Friday, December 19, 2014

The Shangri-Las - "Out in the Streets" (1965)

The wordless chant at the beginning, in G# minor while the song proper is in D major. An objet d'art.

Jeff Barry and Ellie Greenwich concocted this one. The other ladies start the verse out, but it's an uneven six bars. Part two is lead singer Mary Weiss and it goes a full eight bars like a self-sustaining unit, including a refrain line at the end. Deceptive use of a secondary dominant chord back to the tonic.

Beautiful stuff, but the bridge is what makes this a little symphony for the kids. In the verse (or refrain line at the end), Weiss only makes it once as high as B natural, cutting through so sharply: "His heart is out in the stree-eets." Movement higher is delayed once by the second verse; they have to ascend this once more.

Then, the drum roll. And the strings sweep into the key of F major as Weiss hits C natural.

HE grew up on the sidewalk
STREET-light shining above
HE grew up with no one to love

HE grew up on the sidewalk
HE grew up runnin' free
HE grew up and then he met me

Monday, December 15, 2014

Angels and Airwaves - "Tunnels" (2014)

This song is really rooted on the tonic note. First verse eight bars, second verse is six interrupted by an extension. I guess you could call it a bridge. The melody starts on the third there, but quickly deflates down to that tonic.

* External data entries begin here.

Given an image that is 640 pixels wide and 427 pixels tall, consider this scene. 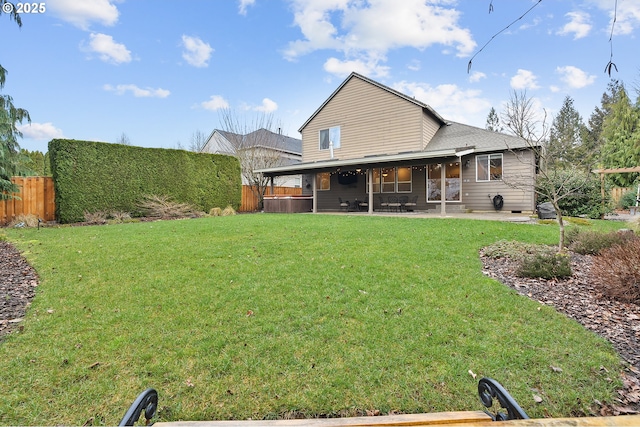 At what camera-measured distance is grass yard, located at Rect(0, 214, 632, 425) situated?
7.30ft

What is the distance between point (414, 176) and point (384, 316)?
13721 millimetres

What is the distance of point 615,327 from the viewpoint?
3.32m

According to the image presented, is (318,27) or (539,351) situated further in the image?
(318,27)

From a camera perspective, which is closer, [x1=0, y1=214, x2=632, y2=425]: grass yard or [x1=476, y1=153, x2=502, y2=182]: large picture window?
[x1=0, y1=214, x2=632, y2=425]: grass yard

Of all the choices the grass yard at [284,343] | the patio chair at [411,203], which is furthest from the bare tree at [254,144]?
the grass yard at [284,343]

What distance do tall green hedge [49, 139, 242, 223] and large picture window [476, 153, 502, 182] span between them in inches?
500

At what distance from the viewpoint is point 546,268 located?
486 cm

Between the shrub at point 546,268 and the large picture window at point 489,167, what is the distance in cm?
992

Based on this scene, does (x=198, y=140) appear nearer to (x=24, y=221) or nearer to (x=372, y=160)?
(x=24, y=221)

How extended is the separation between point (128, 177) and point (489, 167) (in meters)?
16.0

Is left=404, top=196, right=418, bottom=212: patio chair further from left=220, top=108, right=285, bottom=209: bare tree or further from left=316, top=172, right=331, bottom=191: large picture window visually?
left=220, top=108, right=285, bottom=209: bare tree

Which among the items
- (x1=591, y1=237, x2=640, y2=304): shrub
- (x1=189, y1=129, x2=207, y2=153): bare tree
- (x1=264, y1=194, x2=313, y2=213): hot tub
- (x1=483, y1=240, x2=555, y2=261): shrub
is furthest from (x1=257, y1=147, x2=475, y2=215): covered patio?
(x1=189, y1=129, x2=207, y2=153): bare tree

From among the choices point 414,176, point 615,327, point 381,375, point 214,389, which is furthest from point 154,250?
point 414,176

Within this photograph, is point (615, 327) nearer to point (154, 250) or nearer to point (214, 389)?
point (214, 389) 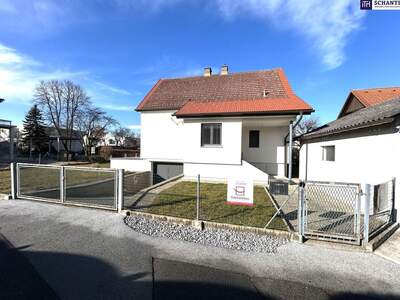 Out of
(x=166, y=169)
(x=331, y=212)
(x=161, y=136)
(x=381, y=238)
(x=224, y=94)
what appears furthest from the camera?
(x=224, y=94)

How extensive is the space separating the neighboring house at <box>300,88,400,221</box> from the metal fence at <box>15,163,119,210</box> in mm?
7756

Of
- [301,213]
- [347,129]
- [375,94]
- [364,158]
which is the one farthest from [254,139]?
[301,213]

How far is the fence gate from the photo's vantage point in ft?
17.3

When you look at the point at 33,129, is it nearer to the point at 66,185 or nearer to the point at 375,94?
the point at 66,185

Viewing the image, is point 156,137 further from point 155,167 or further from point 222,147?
point 222,147

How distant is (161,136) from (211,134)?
525cm

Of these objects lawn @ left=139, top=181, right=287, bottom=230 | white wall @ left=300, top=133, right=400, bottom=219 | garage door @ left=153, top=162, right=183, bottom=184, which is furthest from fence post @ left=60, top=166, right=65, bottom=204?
white wall @ left=300, top=133, right=400, bottom=219

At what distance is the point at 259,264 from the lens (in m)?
4.30

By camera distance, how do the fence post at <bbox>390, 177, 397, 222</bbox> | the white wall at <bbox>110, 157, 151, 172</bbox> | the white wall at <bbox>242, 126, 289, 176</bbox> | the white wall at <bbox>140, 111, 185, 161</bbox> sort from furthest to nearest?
the white wall at <bbox>110, 157, 151, 172</bbox>
the white wall at <bbox>140, 111, 185, 161</bbox>
the white wall at <bbox>242, 126, 289, 176</bbox>
the fence post at <bbox>390, 177, 397, 222</bbox>

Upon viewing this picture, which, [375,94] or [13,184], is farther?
[375,94]

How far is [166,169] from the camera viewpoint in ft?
57.6

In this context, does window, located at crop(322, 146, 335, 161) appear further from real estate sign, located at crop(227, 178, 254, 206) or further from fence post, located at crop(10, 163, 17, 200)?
fence post, located at crop(10, 163, 17, 200)

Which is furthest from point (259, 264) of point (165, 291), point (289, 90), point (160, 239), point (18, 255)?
point (289, 90)

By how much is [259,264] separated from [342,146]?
304 inches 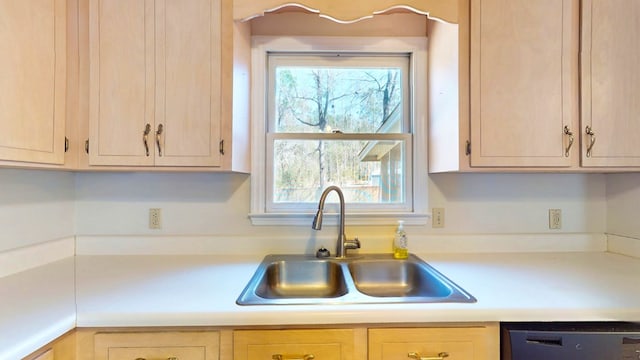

More verses afterward, but now he's singing it an octave higher. And so it builds, slightly more involved melodies, running through that extension once again. Eight lines ending with the beautiful symmetry of those six-syllable lines that come at the end and then...POW!

The chorus! There, at 2:14, no longer anchored by the root. They've earned that higher plateau on the third scale degree now. Not eight bars and they're done; there's more to say. 16 bars, 44 seconds, and that beautiful, surprising internal rhyme at the end.

Repeat because they've earned that, too.